Retired Wright State University professor Bela Bognar, who has worked tirelessly over the years to raise scholarship money for Hungarian students, has received the Knight’s Cross of the Order of Merit, one of Hungary’s highest state honors.
The award is bestowed upon academics, writers, poets and scientists who contribute the most to advance Hungarian causes. Bognar’s award medal was picked up in Budapest, Hungary, in August by his nephew.
Bognar taught social work at Wright State for nearly 30 years before retiring in 2002. During his career, he raised money for Hungarian students, churches, boarding schools and agencies that help abuse victims.
“I wrote letters to all of the people who donated money for the scholarship fund over the years and said, ‘This award is yours. Without you, I couldn’t have gotten it,’” Bognar said.
Bognar was born in Hungary and lived through the Soviet occupation of the 1940s and ’50s, when the Soviets confiscated his family’s 10-acre farm.

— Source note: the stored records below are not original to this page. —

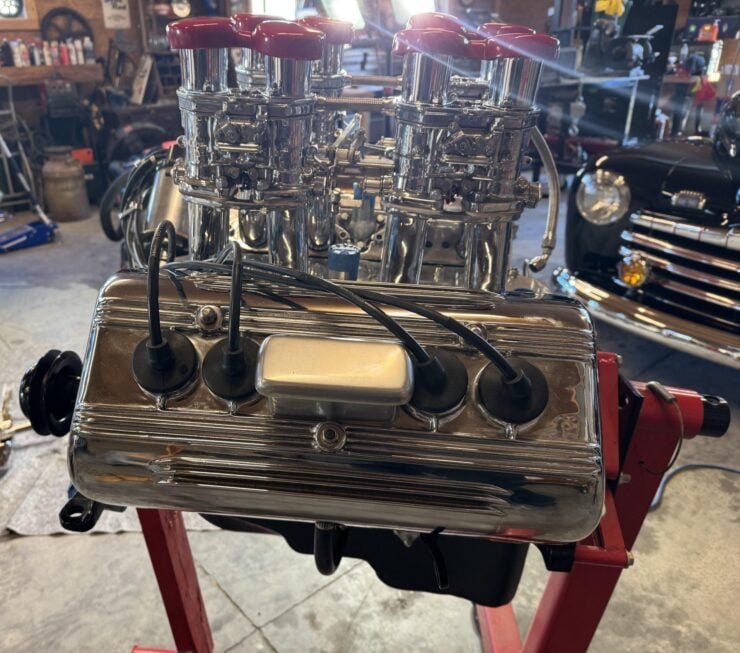 Ardun-Ford 276 OHV V8 8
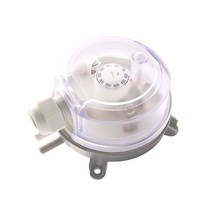 공기 차압 스위치 마이크로 게이지, 01 0.5kpa-2.5kpa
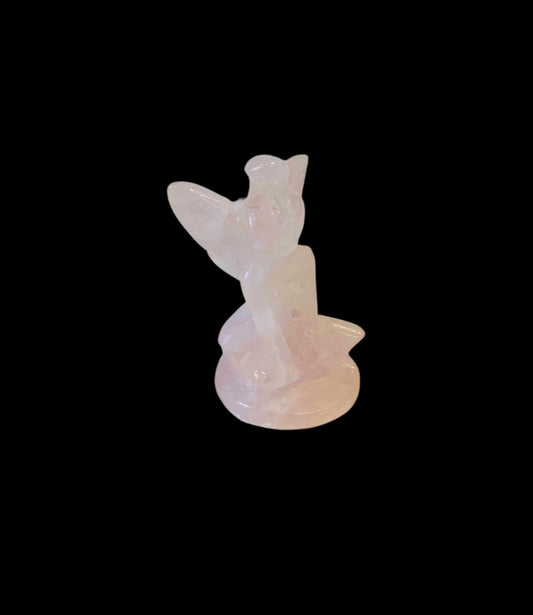 Crystal Fairy Figure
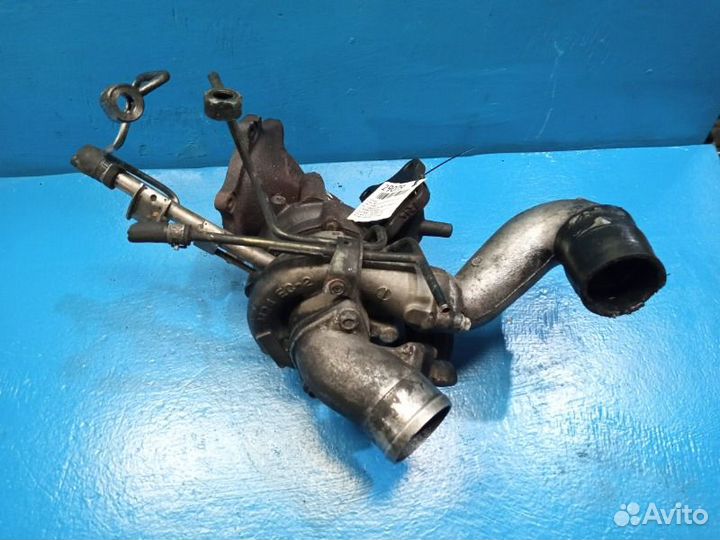 Турбина Nissan Navara YD25ddti 2005-2009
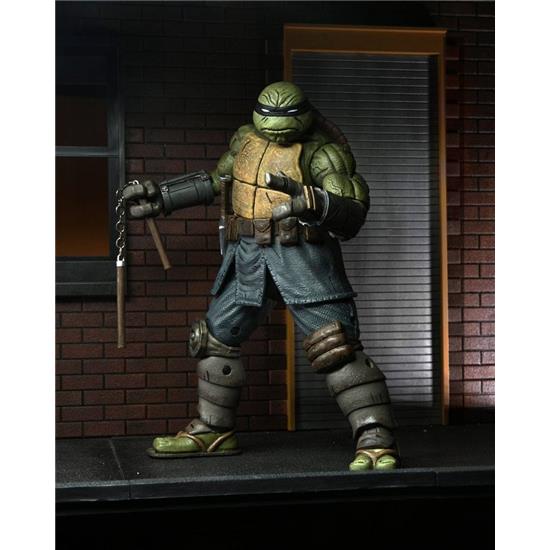 Ninja Turtles: The Last Ronin Unarmored (IDW Comics) Action Figure Ultimate 18 cm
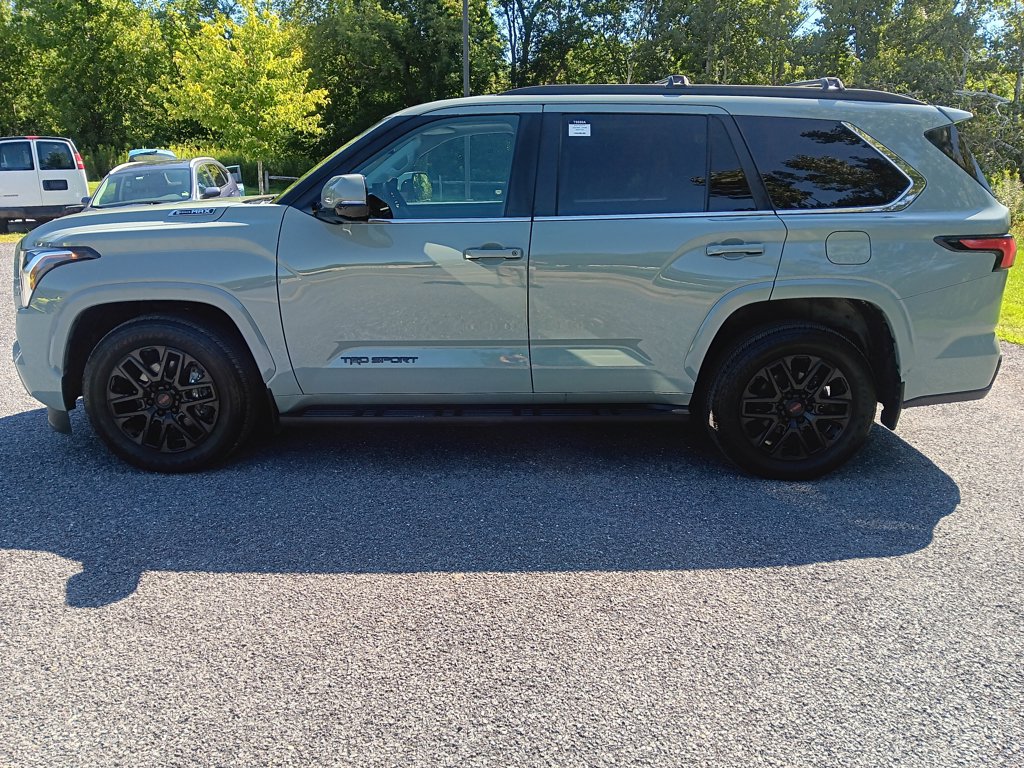 Used 2024 Toyota Sequoia SUV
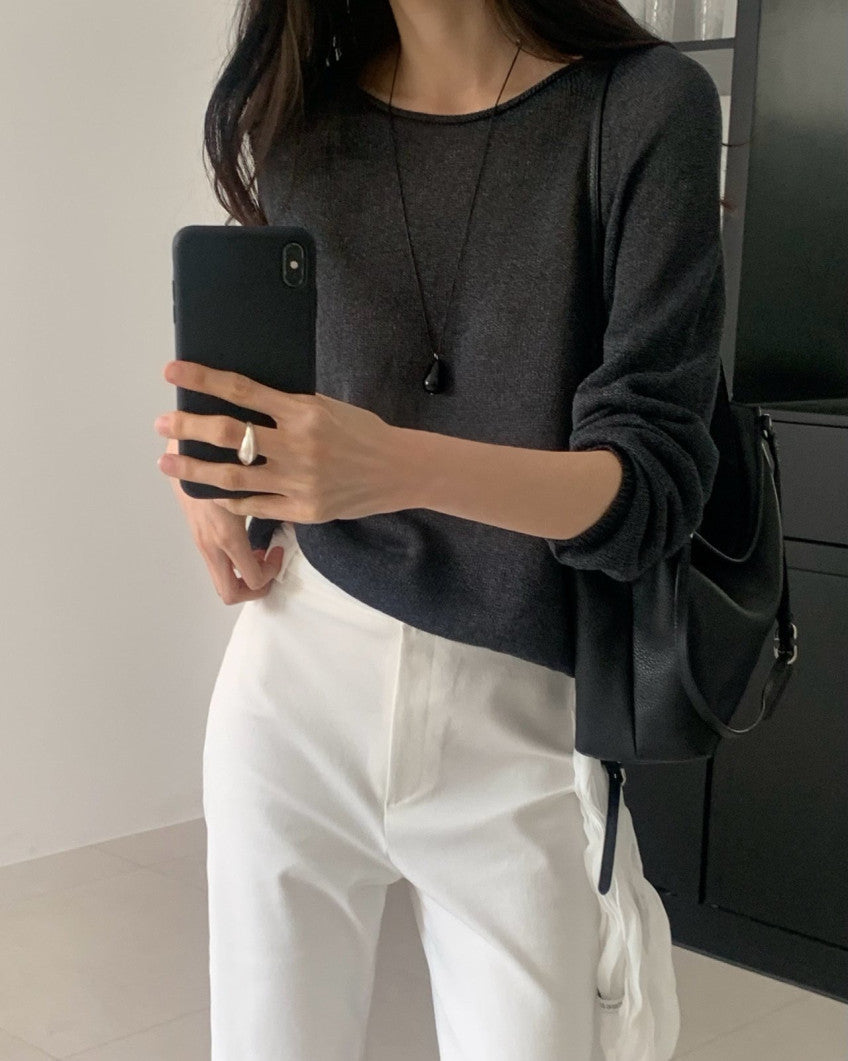 *  Net Summer Knit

He was an active participant in the Hungarian Revolution of 1956, a spontaneous nationwide revolt against Soviet-imposed policies.
Bognar was with a group of university students who confiscated arms from an army weapons warehouse and took part in 10 days of bloody, block-to-block street fighting.
“The saddest part was that I witnessed young people killed,” he said.
Despite its failure, the uprising was highly influential and foreshadowed the downfall of the Soviet Union.
After the revolution, Bognar left Hungary for Belgium and later emigrated to the United States.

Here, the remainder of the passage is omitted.